Hier nun lesen Sie drei Gespräche, während der Tourvorbereitungen,
mit so genannten lokalen Promotern, die stellvertretend sind für
einige hundert Anrufe. Typischer Bookinganruf Nummer 1
„Hallo...“
„Ja, äh, Steinmälzl hier, ich wollte fragen...“
„Wegen spielen oder...“
„Ja.“
„Hey lass’ gut sein, du wir sind voll bis Anfang nächsten Jahres.“
„Ok, kann ich dann vielleicht Anfang...“
„Ja ja, mach das, ruf da noch mal an, O.K., tschüss.“
„Ja gut, tschüss.“
Typischer Bookinganruf Nummer 2
„Ä
h.“
„Ja, bitte.“
„Hallo?“
„Ja, wer, äh, wer ist dran?“
„Ja, schön’ Tach, Werner Steinmälzl ist mein Name, bin
ich da richtig wegen, äh, wegen Booking, äh, also ich mein,
sprech ich mit Peter Haube?“
„Ja ja, der is dran, was gibt’s?“
„Ah super, schön dass ich Sie erreiche, ich rufe also wegen meinem
Quartett an.
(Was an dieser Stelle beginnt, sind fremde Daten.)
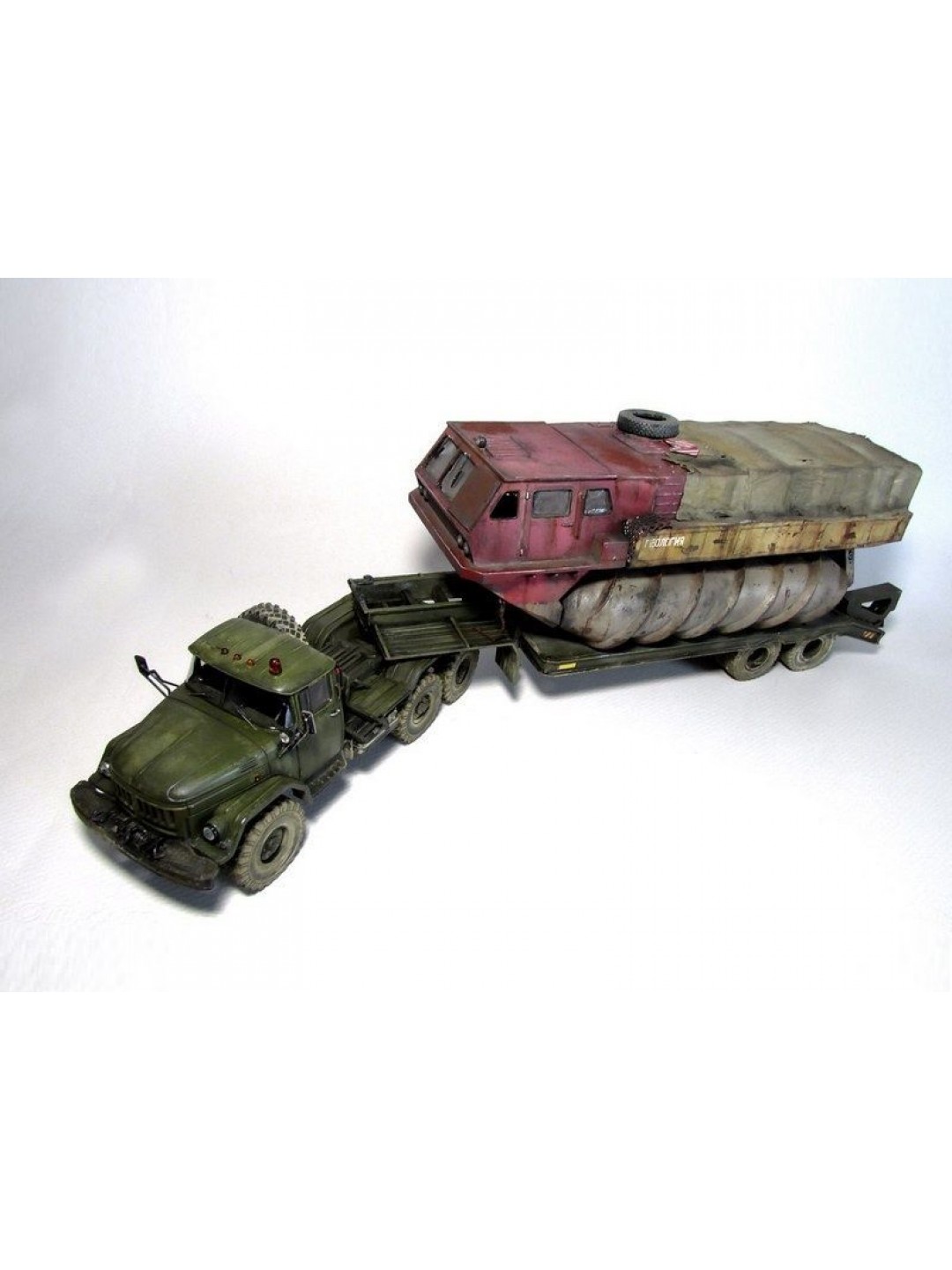 Сборная модель AVD Шнекороторный снегоболотоход ЗИЛ-4904, 1/43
Wir wollten mal anfragen, wegen also ob es ne Möglichkeit
gäbe...“
„Ja, jetzt mal ganz langsam, außerdem hab ich nicht den ganzen Tach
Zeit, habt ihr schon was geschickt, also CD, Infos und so weiter...“
„Ja klar, vor zwei Monaten schon, da hatte ich da ne Frau am Telefon,
die sagte, ich soll mich so in zwei Monaten, wenn das Herbstprogramm
ansteht, also so jetzt, noch mal rühren...“
(rufend) „Äiii, Anne, da is’ jemand dran – Steinhauser
oder so, kannst du dich da an ne CD oder so erinnern?
Anne: „Was ?“
Haube: „Steinhäusl.“
Werner: „Steinmälzl.“
Haube: „Was?“
Werner: „Steinmälzl.“
Haube: „Is’ schon klar, aber wie heißt eure Combo oder
Band oder...“
Werner: „Einfach Werner Steinmälzl Quartett.“
(lachend) „Hey Anne, Werner Steinmälzl Quartett, kannst du
dich da erinnern, irgendwie?
Du, Junge, tut mir leid, aber im Augenblick weiß ich grade nicht,
und du kannst dir vorstellen, wir werden hier mit irgendwelchen Quartetts,
Trios, Duos und was weiß ich blabla zugeschissen.
Und mit Verlaub, aber Wilhelm Steinmälzl Quartett klingt halt jetzt
doch nicht wie Kenny Barron oder Pat Metheny, haha.“
„Wer-ner.“
„Was?“
„Wer-ner Steinmälzl.“
Ja ja, klar, egal, wie gesagt, da ist jetzt nichts hängen geblieben,
oder ich hab’s doch noch nicht gehört, aber normalerweise
hören wir schon alles, tu mir nen Gefallen und ruf so in drei Wochen
noch mal an.“
(blättert im Kalender) „So um den 22. dann?“
„Ja genau, oder besser um den 30., tschüss, machs gut...“
Typischer Bookinganruf Nummer 3
„
Guten Tag.“
„Guten Tag, hier ist Werner Steinmälzl, sprech’ ich mit Hans-Jürgen?“
„Der is am Apparat“
„Ah, prima, ich wollte noch mal nachfragen, ich hab vor ungefähr
vier Wochen meine CD und Info geschickt so wegen eurem Frühjahrsprogramm...“
„Ah ja, kann mich erinnern, ja. du was ihr da macht klingt wirklich
ganz interessant.“
„Oh, vielen Dank.“
„Es ist halt bloß, du weißt, es ist total schwierig, vor allem
mit neuen Acts, das dauert, bis man die Leute da in den Club kriegt,
aber wir hier in Eschenlohe, das muss ich schon sagen, wir versuchen
auch immer, die neuen und interessanten Sachen mit einzubauen. Das ist
mir und dem Verein ganz wichtig.“
„Find ich klasse.“
„Jetzt lass mich mal gleich in’ Kalender schauen, O.K., also 12.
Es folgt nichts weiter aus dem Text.